David Greenfield, pendiri Center for Internet and Technology Addiction, mengatakan bahwa sifat adiktif smartphone ada hubungannya dengan bagaimana otak kita secara naluriah merespon bunyi notifikasi, yang menandakan ada teks masuk atau update media sosial.

Laura Maurer, seorang ibu dua anak mengalami pengalaman buruk yang mengubah hidupnya akibat menggunakan ponsel saat menyetir.

Awalnya ia menepikan mobil untuk membalas teks klien dan kemudian menyetir kembali. Dia mencoba untuk mengabaikan bunyi notifikasi selanjutnya, tapi akhirnya ia tidak bisa menahan itu.

Dengan hanya melirik telepon, Maurer akhirnya menabrak seorang petani berusia tujuh puluh lima tahun dan nyawa sang kakek tak terselamatkan.

“Alasan mengapa dia melirik notifikasi, karena ia merasa ada dorongan sangat kuat untuk menjawabnya,” kata Greenfield, yang juga merupakan asisten profesor klinis psikiatri untuk University of Connecticut School of Medicine.

Smartphone dapat memengaruhi otak, bahkan ketika kita tidak menyadarinya. Ketika kita mendengar notifikasi dari teks yang masuk, otak kita mendapatkan semprotan dopamin, zat kimia yang mengarah ke peningkatan gairah dan energi dalam otak.
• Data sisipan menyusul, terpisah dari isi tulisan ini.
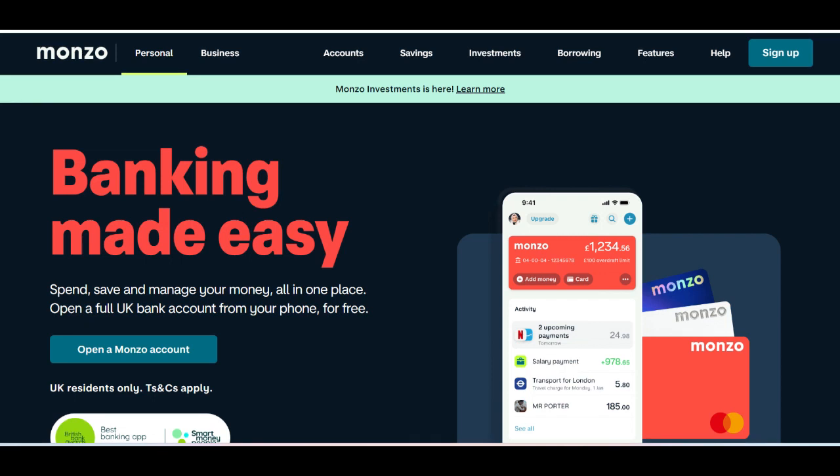Monzo fixed-term savings offers users a structured and secure way to grow their money over a set period. One of its primary strengths is the simplicity and accessibility provided by its integration with the Monzo mobile app. Users can easily open and manage their fixed-term savings accounts directly from their smartphones, eliminating the need for complex paperwork or visits to a bank branch. This digital-first approach appeals to modern savers who value convenience and efficiency in managing their finances.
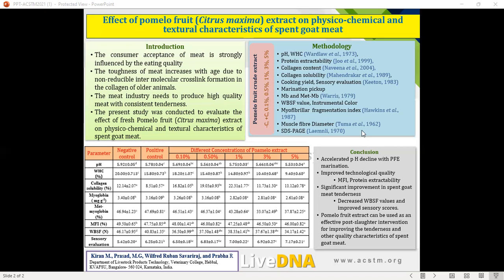The results indicated a gradual decrease in pH with increased pomelo fruit extract concentration. This decreased pH may be attributed to the low pH of the pomelo fruit extract added to the marination solution. Water holding capacity also decreased with addition of pomelo fruit extract, likely due to the negative effect of the acidic solution. There was no significant difference in collagen content across treatments, but collagen solubility increased up to the 1% level and decreased beyond that.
Dan pertanyaan “siapa yang mengontak saya? Apakah ini penting?” mampu menyebabkan ledakan yang lebih tinggi dari dopamin.

Padahal, jawaban dari pertanyaan itu secara logis adalah “tidak”. Notifikasi tersebut masih dapat menunggu hingga Anda sampai tujuan dan memarkir mobil.

“Pusat-pusat dopamin adalah pusat yang sama yang mengatur kesenangan dari makan, kesenangan dari seks dan kreasi, kesenangan dari narkoba dan alkohol,” kata Greenfield.

“Multitasking adalah ilusi,” kata Greenfield. “Ada banyak penelitian yang telah membuktikan, bahwa seluruh konsep dari multitasking benar-benar sedikit ilusi. Anda benar-benar tidak dapat fokus dalam 2 hal sekaligus.”

Pikirkan tentang hal ini untuk jangka panjang, kata Despina Stavrinos, direktur University of Alabama di laboratorium mengemudi terdistraksi.

“Jadi, jika Anda mengemudi setiap hari, mengirim pesan teks, dan tidak ada yang terjadi, hal itu akan memperkuat anggapan, ‘Hei, aku bisa melakukan ini. Saya seorang multitasker cukup bagus,'” kata Stavrinos.

“Masalahnya adalah, ketika ada beberapa bahaya yang tak terduga muncul dan Anda tidak dapat merespon dengan tepat, hal tersebut bisa berakibat fatal, baik bagi diri sendiri dan orang lain.”